JSA: Princes of Darkness

JSA: Princess of Darkness 

By Geoff Johns, David Goyer, Leonard Kirk, Don Kramer & Sal Velluto (DC Comics)
ISBN 1-84576-035-2

As a kid I used to love any appearance of the Justice Society of America, DC’s most popular crime-busting characters from the 1940s. They seemed full of a power that was equal parts Mystery and History. They belonged to that mythical land “Before I Was Born” and their rare guest-shots always filled me with joy.

A few years ago they were permanently revived and I found very little to complain of. As superheroes go the stories and art were entertaining enough, though not outstanding, and certainly not exceptional. With this latest compilation (collecting issues #46 – 55), I finally find myself agreeing with those wise editorial heads of the 1960s who felt that less was more and that over-exposure was a real danger.

In a tired old plot where Darkness-wielding villains black out the Earth and let evil reign free, I finally thought to myself, “Seen It, Done It, Don’t Care No Mo’”.

These are characters that everybody in the industry seems to venerate. Surely if all we’re going to have is the same old tosh that the lesser heroes have to deal with on a monthly basis, we’d be better off stopping now and saving them for genuinely special occasions. I certainly saw nothing here to differentiate between this and a hundred other titles.

© 2003, 2004 DC Comics. All Rights Reserved.

JSA: Savage Times

JSA: Savage Times 

By Geoff Johns, David Goyer, Leonard Kirk & Keith Champagne (DC Comics)
ISBN 1-84023-984-0

When they’re producing what their dedicated readers want, today’s publishers seem to be on comfortably solid ground, so perhaps I shouldn’t be so harsh in my judgements. The tale collected as Savage Times is standard comic book fare, well crafted and revolving around a time-bending villain who attacks the venerable super-heroes of the Justice Society of America by travelling into their collective past.

No problem with that. I just question the long-term sense of slavish regurgitation. How many times can even the most dedicated collector swallow the same old things? And how many formats should they be expected to purchase it in? Stuff like this won’t expand the reader base, and shouldn’t be looking for growth not treading water?

© 2002, 2003 DC Comics. All Rights Reserved.

Crisis on Multiple Earths Volume 3

Crisis on Multiple Earths Volume 3 

By Various (DC Comics)
ISBN 1-84023-946-8

I’m going to “cop a plea” on this book. Like any other comic book geek who grew up in the 1960’s and early 1970’s I was captivated by gaudy costumes and the outrageous battles to save the city, the country, the world, the universe, the multiverse, et al, ad nauseam. I loved all this stuff. I loved the funny animals, the comedies, suspense and horror stories, the Sci-Fi. Newspaper strips, Annuals, Albums, American, British, whatever. I even liked the romance stories which usually demanded a much higher standard of drawing than all other types of comic strip.

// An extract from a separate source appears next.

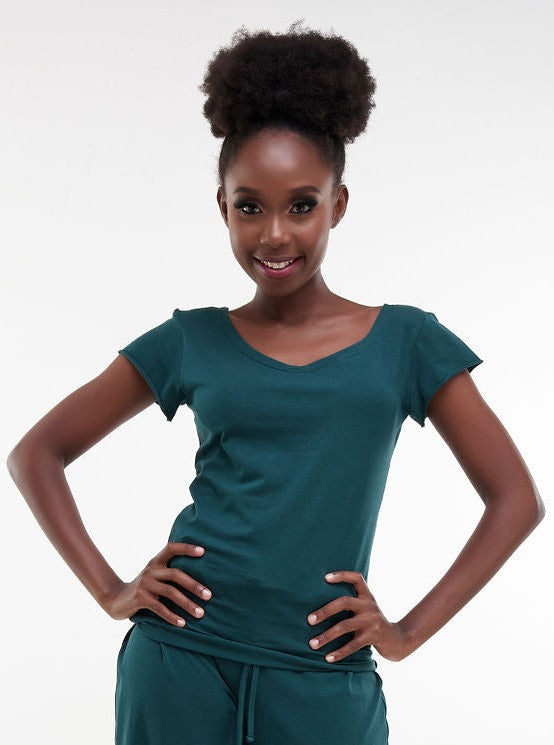 Zoya Chill Cap Sleeve T-shirt - Dark Green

In regard to comic material from this period I cannot declare myself an impartial critic. That counts doubly so for the Julie Schwartz edited Justice League of America and its annual summer tradition of teaming up with its progenitor organisation, the Justice Society of America. If that sounds a tad confusing there are many places to look for clarifying details. If you’re interested in superheroes and their histories you’ll even enjoy the search. But this is not the place for that.

This volume reprints get-togethers from 1971 through 1974, tightly plotted tales comfortably rendered by the tragically under-rated Dick Dillin, although perhaps sometimes uncomfortably scripted in the vernacular of the day (“Right on brother,” says one white superhero to another white superhero!). There are adventures featuring inter-dimensional alien symbiotes and swamp monster Solomon Grundy (JLA #91-92), evil geniuses and the time-marooned team of 1940’s superheroes called the Seven Soldiers of Victory (JLA #100-102), an accidental detour to a parallel Earth where the Nazis won the second World War and the meeting with yet another team of 1940’s characters, the Freedom Fighters (JLA#107-108), and a genuinely poignant tale of good intentions gone awry featuring the Golden Age Sandman (JLA# 114).

In terms of “super” genre the writing consists of two bunches of heroes who get together to deal with extra-extraordinary problems. In hindsight, it’s obviously also about sales and the attempted revival of more super characters during a period of intense sales rivalry between DC Comics and Marvel. But for those who love costume heroes, who crave these carefully constructed modern mythologies and care, it is simply a grand parade of simple action, great causes and momentous victories.

I love ‘em, not because they’re the best of their kind, but because I did then and they haven’t changed even if I have. Do you fancy trying to find your Inner Kid again?